Retired engineer John Jepson stands at the spillway on the northeast end of Clinton Lake and peers out at the river flowing through the dam.

Not a bad day’s work, or rather four years worth of work.

“You get a feeling of permanence,” said Jepson, who was the project engineer during the building of Clinton Lake and Dam from 1972 to 1976. “It’s been here for 35 years and will be here a lot longer.”

Jepson is modest about the accomplishment; he did, of course, have a team of workers who did the heavy lifting, as well as assistance from the U.S. Army Corps of Engineers.

But more than three decades later, Jepson remains a living piece of history for the project that’s affected hundreds of thousands of people over the years — from the people and city who use the lake daily as a water source to the fisherman and water sports enthusiasts.

“I think most of them are dead,” said Jepson of the dozens of workers he knew and befriended nearly 40 years ago. Of the living, Jepson knows the lake “probably as well as anyone.”

After earning both his bachelor’s and master’s degrees in engineering from the University of Missouri — sensitive to the Kansas University community, he suggests maybe his alma mater be referred to as a “school out-of-state” — Jepson served in Vietnam in the Navy Construction Battalion before joining List & Clark, the construction company awarded a portion of the $55 million contract for the project.

It was a pretty big undertaking for the then 27-year-old Jepson.

“It was exciting,” he said of the biggest project of his career to that point.

For sometimes seven days a week, Jepson and the crew worked 10-hour day and night shifts.

In four years, there were bound to be some pitfalls, sometimes blamed on Mother Nature.

While workers spent their summer days toiling in the Kansas heat with little shade, it was the rain that would hold up construction.

“You’d get all psyched up, and then the rain would come,” making the grounds a muddy mess, Jepson said.

But the biggest snag in the massive project was the national oil shortage in 1973.

“All of a sudden, we ran out of fuel,” he said.

The crew worked through the issues and waited out the fuel crisis.

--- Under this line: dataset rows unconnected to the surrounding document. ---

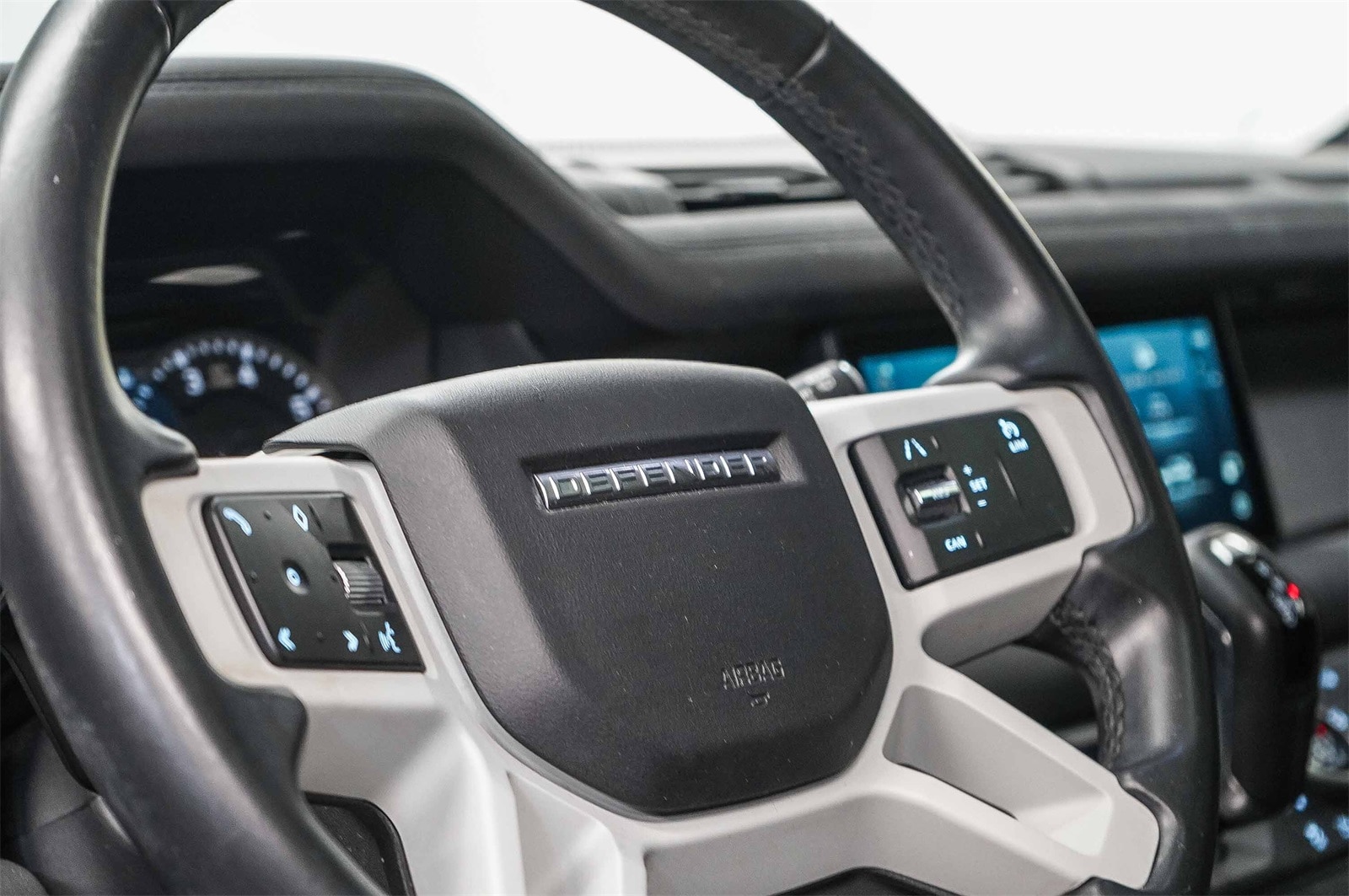 Thumbnail: 2023 Land Rover Defender - 20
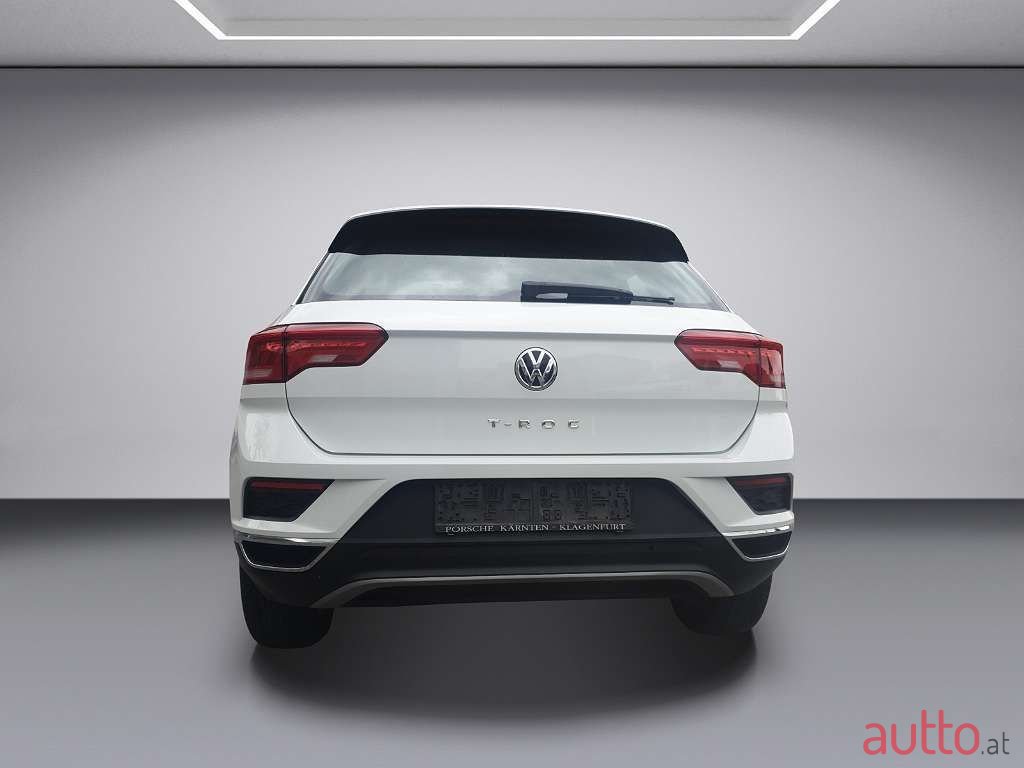 2018' Volkswagen T-Roc photo #6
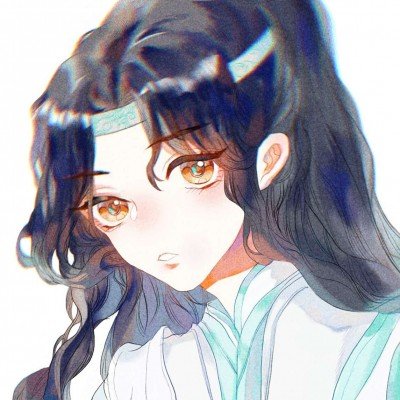 美女COS《巫师3》叶奈法惊艳绝伦 白嫩香肩紫眸勾人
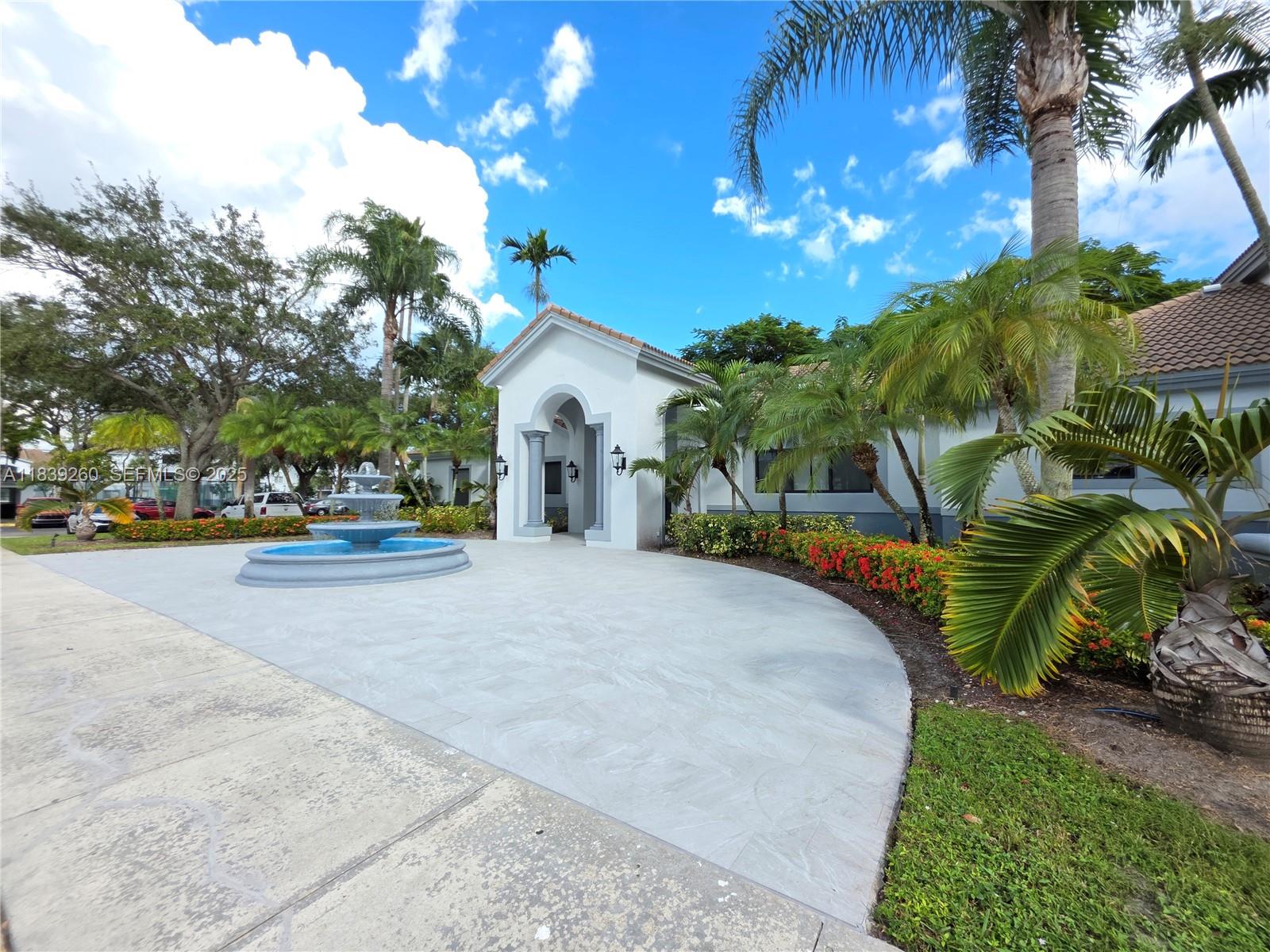 2620 South University Drive, Unit 111 Davie, FL 33328 - Photo 34 of 49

They finished in 1976, though it’d be another few years before the lake was filled with water and ready for use.

Since then, Jepson — who lives in Olathe and has been back to visit Clinton Lake a handful of times — has had a successful career, rising to leadership positions in List & Clark, retiring when the business closed in 2008. But in many of the other big projects he’s worked on over the years, Jepson said he’s dropped in and out at various points of the work.

Jepson said being there for the entirety of the Clinton Lake project gave him a sense of accomplishment.

“I got to see a project through from beginning to end,” he said.